Net als dat de AIQ wat betreft de gehele marktsector (inclusief Verhuur & handel in onroerend goed) verstoord wordt door de waardeschommelingen van het toegerekende huurinkomen, zo geldt dat ook voor de arbeidsproductiviteit. Voor beide is er namelijk een berekening van de toegevoegde waarde nodig, en daarin zit deze verstoring.
Stellen dat de AIQ te veel verstoord wordt door de toegerekende huren mee te nemen, impliceert aldus ook dat de verhouding tussen de reële lonen en de arbeidsproductiviteit te veel wordt ontregeld om een goede indicator voor de loonruimte te zijn.
Ter Weel et al. (2023) stelt ook dat de verhouding tussen de reële loonvoet, reële lonen en de arbeidsproductiviteit de beste indicator is voor loonruimte, omdat de AIQ op korte termijn niet bruikbaar is vanwege schommelingen en bijstellingen. Dit is echter een valse tegenstelling. Ten eerste omdat de AIQ als indicator juist dient om te bepalen of de loonontwikkeling op de middellange termijn hoog genoeg is geweest om de economische groei bij te houden. Bij de langetermijntrend doen de bijstellingen er niet zo veel toe. En ten tweede omdat zowel de AIQ als de arbeidsproductiviteit en de reële lonen achteraf regelmatig worden bijgesteld, zie tabel 2.

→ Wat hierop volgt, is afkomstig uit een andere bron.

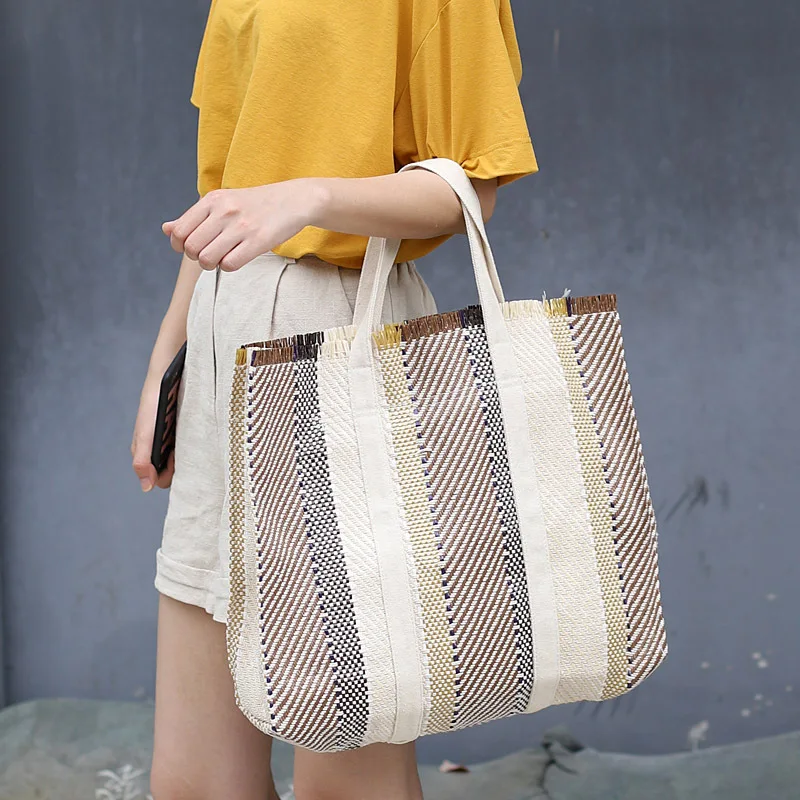 

Oversize Big Tote Bag for Women Fabric Striped Pattern Casual Top-handle Bag 2019 Leisure Big Capcity Summer Beach Open Handbag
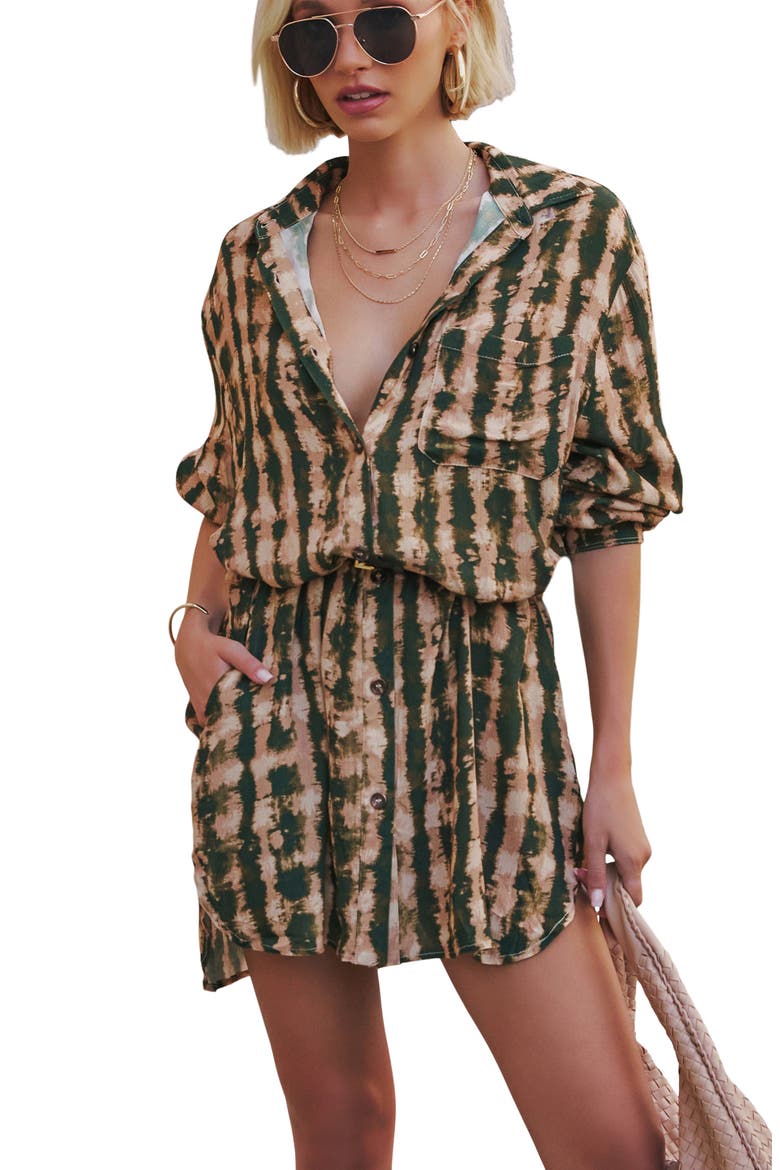 Queen Retro Print Long Sleeve Crepe Shirtdress, Alternate, color, PINE MULTI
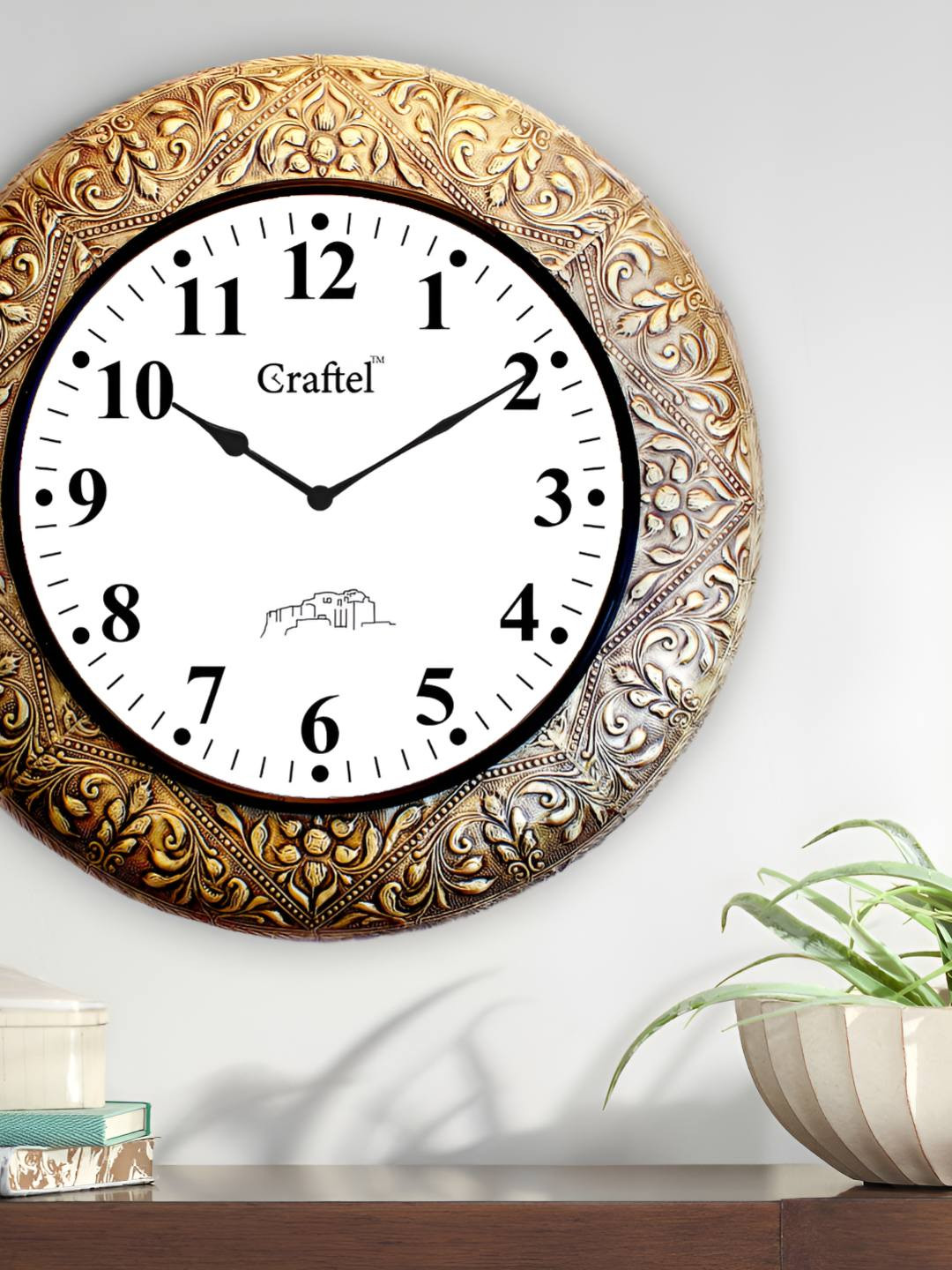 CRAFTEL Gold-Toned Floral Textured Analogue Metal Round Traditional Antique Wall Clock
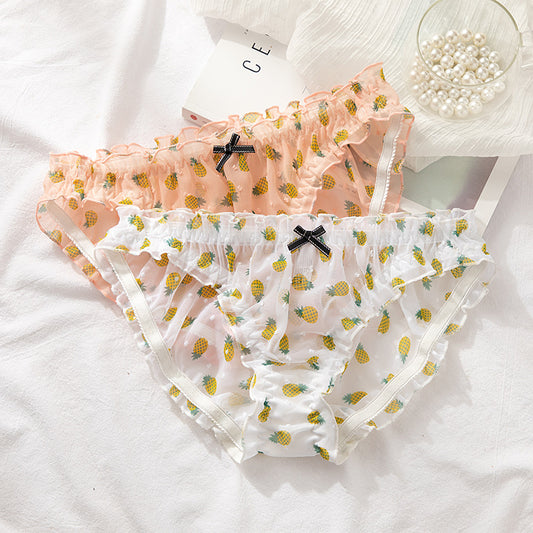 Pineapple Printed Mesh Chiffon Breathable Cute Panties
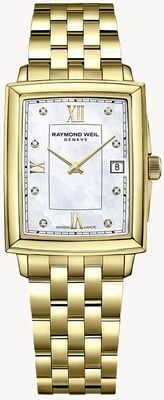 Raymond Weil Toccata damska | bransoleta platerowana złotem PVD | tarcza wysadzana diamentami 5925-P-00995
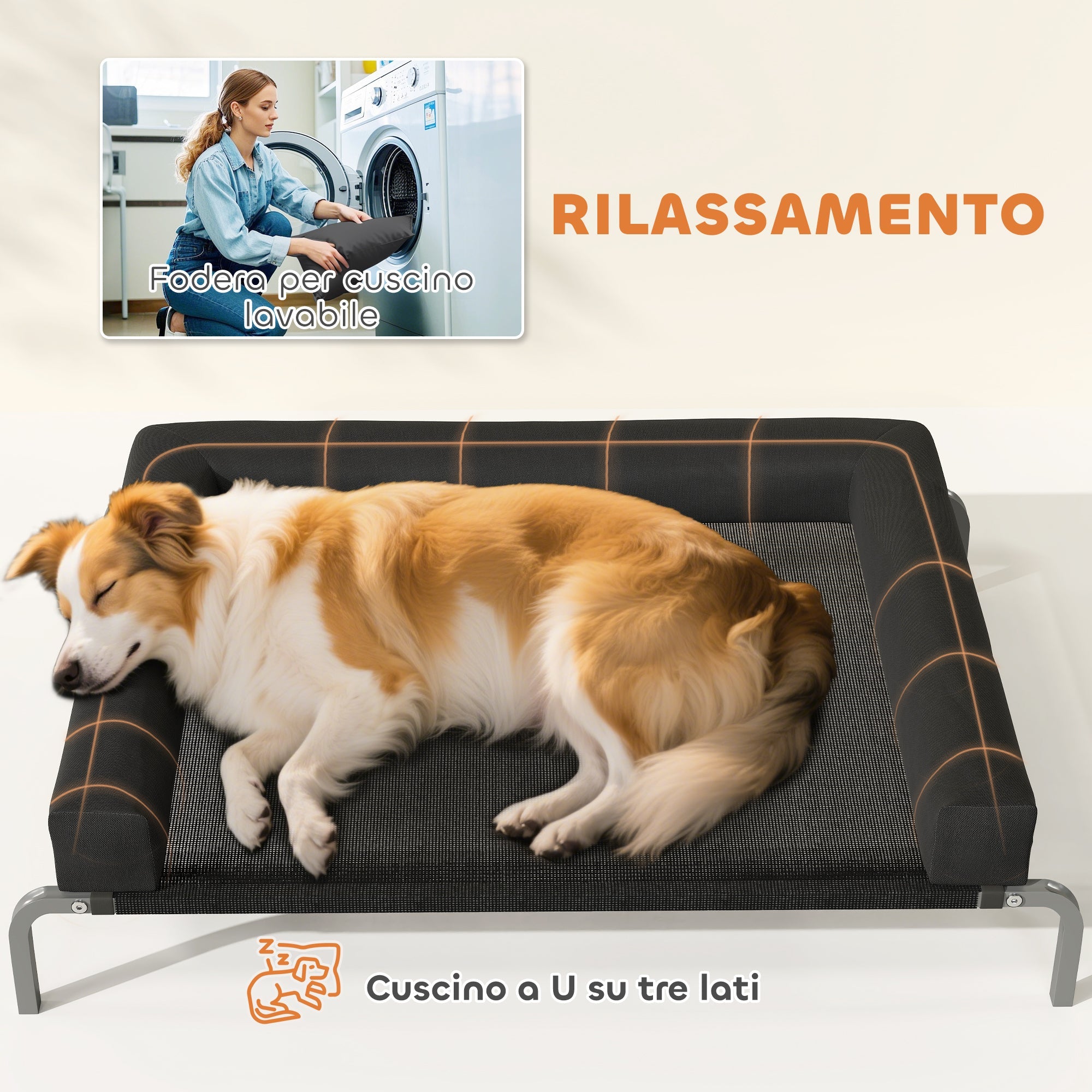 EasyComfort Lettino per Cani Rialzato di 19.5 cm con Cuscino a U, in Poliestere e Acciaio, 110x75x30 cm, Nero e Argento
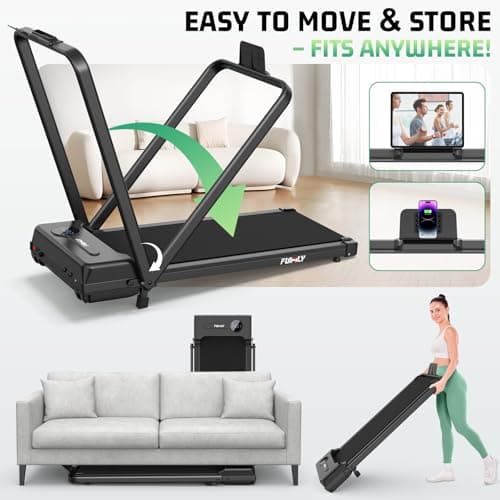 FUNMILY Walking Pad Treadmill with Incline, Foldable Treadmills for Home Office, Portable Walking Pad 300lbs Capacity, Remote Control, 2s Folding Treadmill(Dark Black) - Thumbnail 6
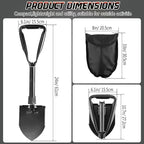 Digging Shovel - 24'' Lightweight Folding Shovel High Carbon Steel Portable Digging Trowels for Outdoor Camping Backpacking Hiking Car EmergencHome Garden (Black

Bovenop het feit dat de bestaande problemen die Ter Weel et al. (2023) aandraagt niet worden opgelost, introduceert Ter Weel et al. (2023) het volgende nieuwe methodologische probleem: het is onmogelijk om te bepalen welk deel van de arbeidsproductiviteitsgroei wordt veroorzaakt door werknemers, en welk deel door zelfstandigen. Daarmee kun je dus op basis van deze indicator niet beoordelen of de arbeidsproductiviteit van werknemers wel meegroeit met de lonen. De door Ter Weel et al. (2023) voorgestelde indicator ter bepaling van de ontwikkeling van de loonruimte geeft dus geen betere informatie over de loonruimteontwikkeling. Er is dan ook geen reden om deze indicator te verkiezen boven de AIQ van de relevante marktsector.
Tot slot
Het is tijd dat we met elkaar onderkennen dat de loonontwikkeling van werkenden de afgelopen jaren achtergebleven is bij die van het kapitaal. Het formuleren van achterhaalde kritiek op de meest bruikbare indicator voor de verhouding tussen arbeid en kapitaal, de arbeidsinkomensquote, vertroebelt de discussie en verhindert dat we gaan nadenken over oplossingen. En daar hebben de werkenden in Nederland niets aan.
Literatuur
Bergen, D. van den, A. Bruil, B. Butler et al. (2017) Herziening methode arbeidsinkomensquote. CBS-CPB-DNB Paper, juni.
Butler, B. (2019) Arbeidsinkomensquote ook laatste twee decennia gedaald. ESB, 24 december.
CPB (2019) Centraal Economisch Plan 2019. CPB Raming, maart.
CPB (2020) Centraal Economisch Plan 2020. CPB Raming, maart.
CPB (2021) Centraal Economisch Plan 2021. CPB Raming, maart.
CPB (2022) Centraal Economisch Plan 2022. CPB Raming, maart.
CPB (2023) Centraal Economisch Plan 2023. CPB Raming, maart.
Erken, H. en S. Groot (2023) Is in Nederland sprake van ‘graaiflatie’? RaboResearch, 5 mei.
Jongsma, M. (2023) In verhit cao-seizoen willen werkgevers af van de arbeidsinkomensquote. Het Financieele Dagblad, 22 mei.
Kok, D. (2023) Methodologische achtergronden van de arbeidsinkomensquote. CBS Artikel, 24 juni.
VNO-NCW (2023). Nederland op een economisch kruispunt. Geraadpleegd op 20 juni 2023, van: https://www.vno-ncw.nl/nieuws/nederland-op-een-economisch-kruispunt
Vos, T. de, H. Noten, V. Vrijmoeth en P. Paulusma (2023) Hoge winsten, lage lonen. FNV Publicatie, maart.
Weel, B. ter, J. Witteman en D. Stäbler (2023) Loonontwikkeling en AIQ in Nederland: Analyse van lonen, winst en AIQ. SEO Economisch Onderzoek, mei.